Comment se porte le secteur du bio? 

Il faut reconnaître que sur le marché domestique, le bio n’est absolument plus un thème pour les consommatrices et consommateurs ukrainiens. C’est un souci majeur pour les productrices et producteurs certifiés, qui peinent à défendre leur part de marché. En outre, pour certaines commodités, il n’y a quasiment plus de différence de prix entre le bio et le conventionnel. La survie du secteur bio ukrainien est donc clairement en jeu.

Par ailleurs, dès le début de la guerre, il y a bientôt trois ans, les importateurs historiques ont eu des craintes quant à la fiabilité, notamment quantitative, des livraisons en provenance d’Ukraine. Et ça a joué clairement en défaveur de la filière bio, à tous les échelons.

Cependant, il faut souligner l’incroyable résilience des productrices et producteurs certifiés. Même si les coûts ont explosé, même si économiquement produire bio ne fait plus vraiment de sens, ils tiennent bon et s’accrochent à leur label, par conviction, par attachement à leurs valeurs.

Quelles sont les priorités d’action, pour vous, acteurs du FiBL qui accompagnez la filière bio ukrainienne depuis désormais une vingtaine d’années?

À l’heure actuelle, outre des efforts à consentir pour maintenir le marché domestique, nous estimons qu’un accompagnement agronomique s’impose. Les productrices et producteurs bio ukrainiens, durement touchés par le manque de personnel, ont besoin d’un soutien technique pour adopter des méthodes de production moins intensives en main-d’œuvre, tout en renforçant leur productivité.

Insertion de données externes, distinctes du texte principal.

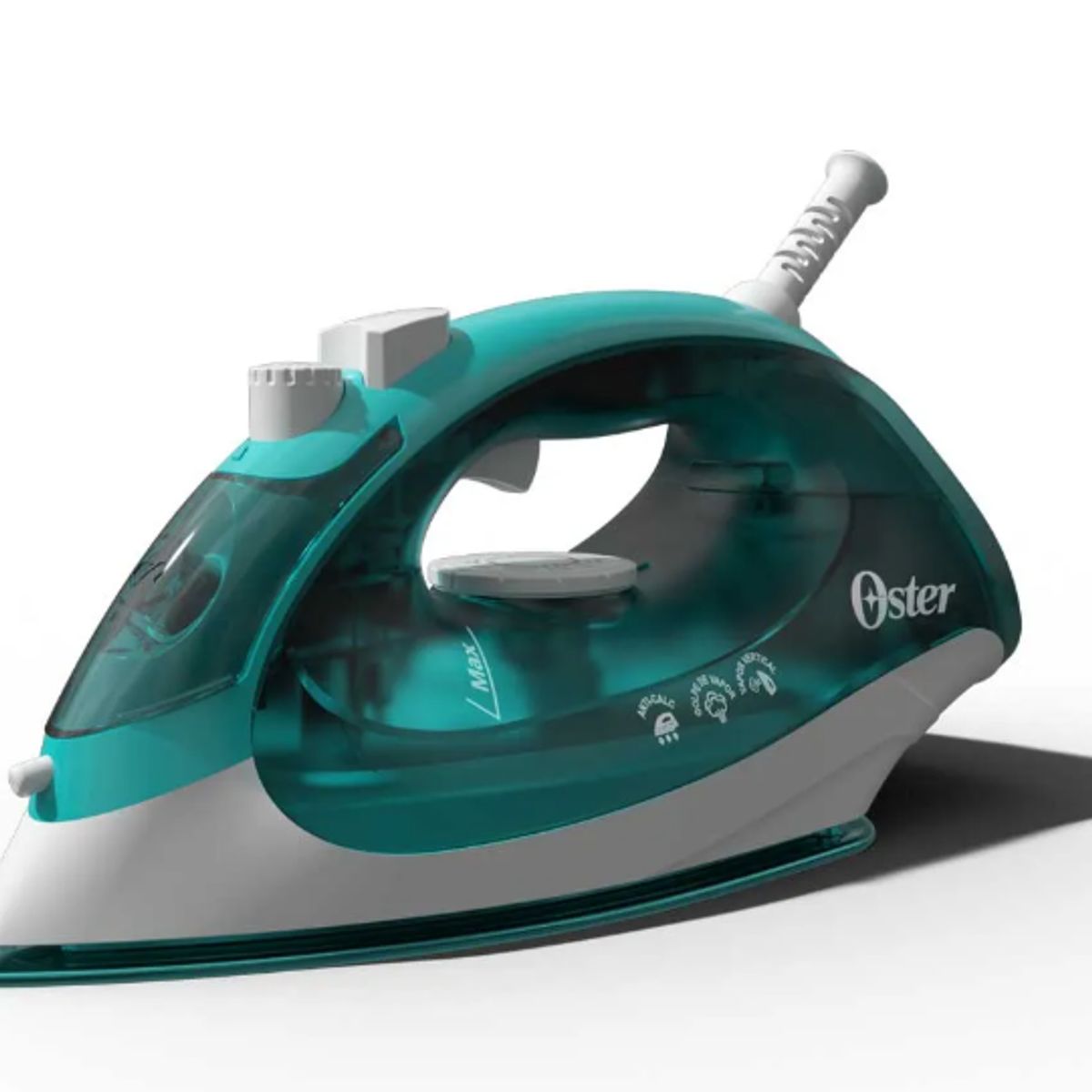 OSTER - Plancha de Vapor de Cerámica Oster, Compacta, Turquesa, GCSTBS5052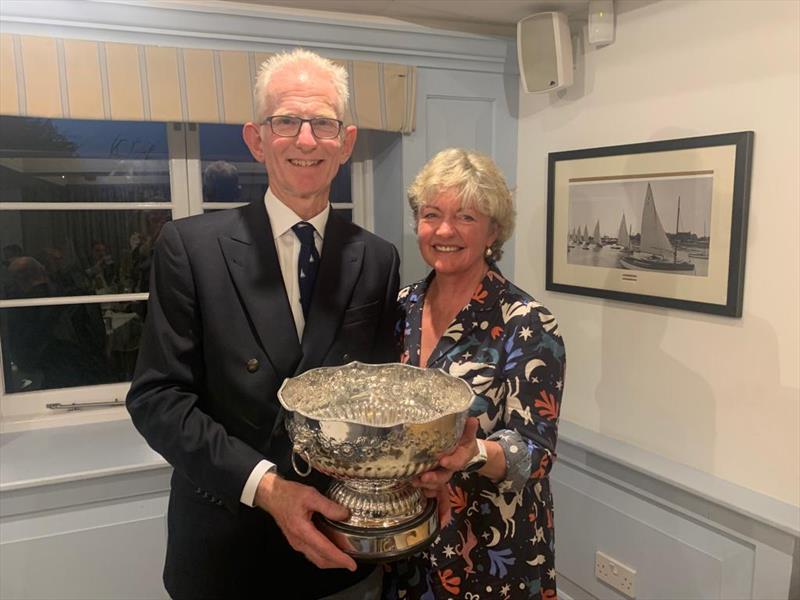 Henry Chisholm Weekend Regatta 2023 Winners: Joe & Cathy Burnie - photo © Strange days at sea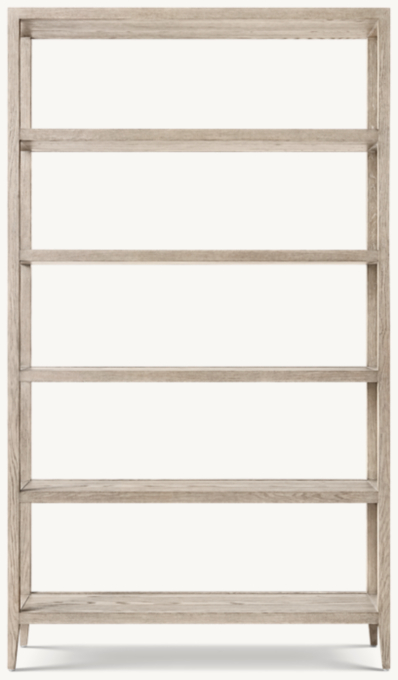 French Contemporary Shelving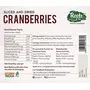 Natural and Healthy Dried Cranberries - 300gm, 4 image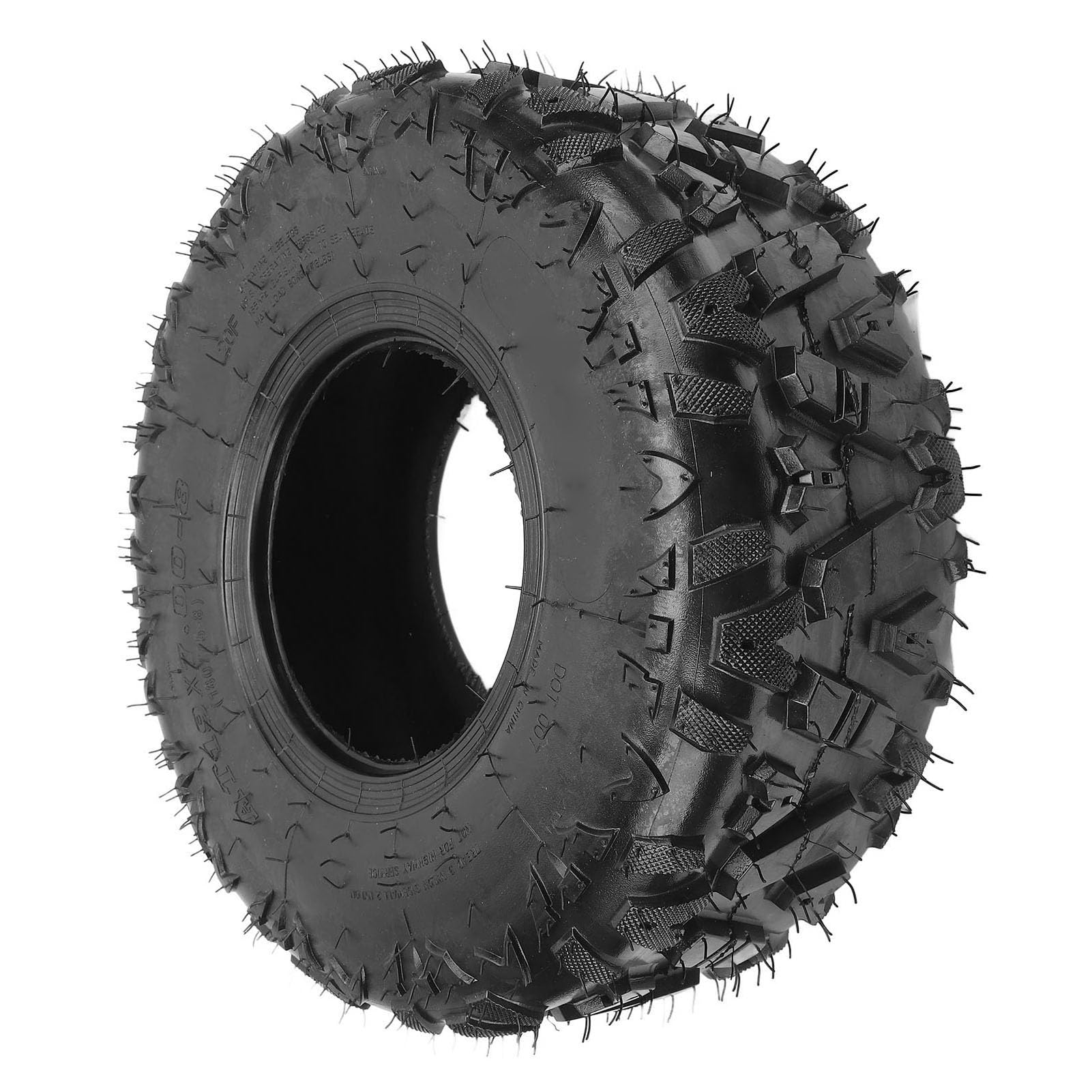 19x7 8 Pneumatico Esplosione in Gomma ATV Pneumatico Universale per Carrello Fuori Strada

Propos recueillis par Claire Berbain, FiBL

Pour en savoir plus

Contacts

Liens

Le projet QFTP

Les objectifs du projet QFTP (en français Programme pour un commerce alimentaire de qualité en Ukraine) sont la promotion du commerce durable et la création d’emplois plus nombreux et de meilleure qualité dans les secteurs bio et laitier en Ukraine. Ces objectifs sont atteints en renforçant la compétitivité des entreprises et les capacités des petites et moyennes entreprises (PME). Le projet est dirigé par le FiBL, les autres partenaires étant Safoso AG, le Swiss Import Promotion Programme SIPPO, IFOAM Organics International et le Bioinstitut tchèque.